Maruti Suzuki India has announced that its production lines are operating at more than capacity with demand outpacing its ability to produce. Domestic wholesales stood at 1.64 lakh units, the highest ever for any February, while retail sales rose 12% year-on-year to 1.51 lakh units as production lines ran at or above 100% capacity. “We are operating close to or more than 100% of our production capacity,” said Partho Banerjee, senior executive officer (Marketing & Sales). “The numbers are not muted. Demand is not muted; supply is the bottleneck.”
Beating the Holi Shutdown
Network stock remains tight at 12 days, of which seven days are in transit, reflecting lean inventories at dealerships according to Banerjee.

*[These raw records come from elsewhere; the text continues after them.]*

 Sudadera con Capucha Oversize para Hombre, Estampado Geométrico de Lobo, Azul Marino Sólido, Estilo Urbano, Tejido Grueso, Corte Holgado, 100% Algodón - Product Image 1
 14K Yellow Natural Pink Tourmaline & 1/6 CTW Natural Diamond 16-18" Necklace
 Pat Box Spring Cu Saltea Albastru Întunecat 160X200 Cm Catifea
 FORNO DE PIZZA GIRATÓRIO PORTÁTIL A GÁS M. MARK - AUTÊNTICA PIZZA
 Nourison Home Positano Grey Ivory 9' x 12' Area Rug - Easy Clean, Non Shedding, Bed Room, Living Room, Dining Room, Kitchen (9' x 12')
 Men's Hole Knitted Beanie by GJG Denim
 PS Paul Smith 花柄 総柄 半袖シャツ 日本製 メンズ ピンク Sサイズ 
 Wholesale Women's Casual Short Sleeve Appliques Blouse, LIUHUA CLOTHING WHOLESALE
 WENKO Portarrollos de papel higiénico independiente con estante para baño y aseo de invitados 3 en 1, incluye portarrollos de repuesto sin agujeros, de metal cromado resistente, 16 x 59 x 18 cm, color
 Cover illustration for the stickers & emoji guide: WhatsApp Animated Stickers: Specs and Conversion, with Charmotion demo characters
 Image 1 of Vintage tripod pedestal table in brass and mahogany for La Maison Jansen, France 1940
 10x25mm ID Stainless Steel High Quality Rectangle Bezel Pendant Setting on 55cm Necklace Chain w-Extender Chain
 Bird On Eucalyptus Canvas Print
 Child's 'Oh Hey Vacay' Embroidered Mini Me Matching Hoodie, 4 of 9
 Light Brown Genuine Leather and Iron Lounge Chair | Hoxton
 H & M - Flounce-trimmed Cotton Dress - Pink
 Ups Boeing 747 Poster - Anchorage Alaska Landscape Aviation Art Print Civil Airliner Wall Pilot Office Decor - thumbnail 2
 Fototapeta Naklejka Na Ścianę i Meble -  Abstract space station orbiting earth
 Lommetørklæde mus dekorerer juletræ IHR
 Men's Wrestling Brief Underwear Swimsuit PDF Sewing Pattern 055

With installed annual capacity of about 24 lakh units a year currently, at roughly 2 lakh vehicles per month the company has been stretching output, including Sunday production when possible, to meet demand ahead of the Holi shutdown. “Our team is producing vehicles even on Sundays to cater to demand, as production will be shut during Holi,” Banerjee said.
Popular models like the WagonR that saw February 2026 dispatches of around 15,000 units, is currently seeing over a month’s waiting period due lower production run in February. “We are calibrating our production every month by catering to each segment. We are not differentiating between customers across segments,” he added, noting that February saw a sharper focus on production of utility vehicles. Order books remain robust, with pending bookings at around 1.9 lakh units, up 20% year-on-year. “From April onwards, you will see a different scenario,” Banerjee said, pointing to capacity additions in the pipeline.
Road Ahead
A new production line at Kharkhoda in Haryana will be commissioned in April for internal combustion engine models, adding about 1.2 lakh units annually in phases. Incremental volumes are expected to be visible from May. On the electric vehicle front, capacity enhancement at the Gujarat plant is scheduled from July to support EV scale-up.
On geopolitical risks, Banerjee said exposure to the Middle East accounts for only 12.5% of exports. “It does not affect us for now, but we are monitoring the situation.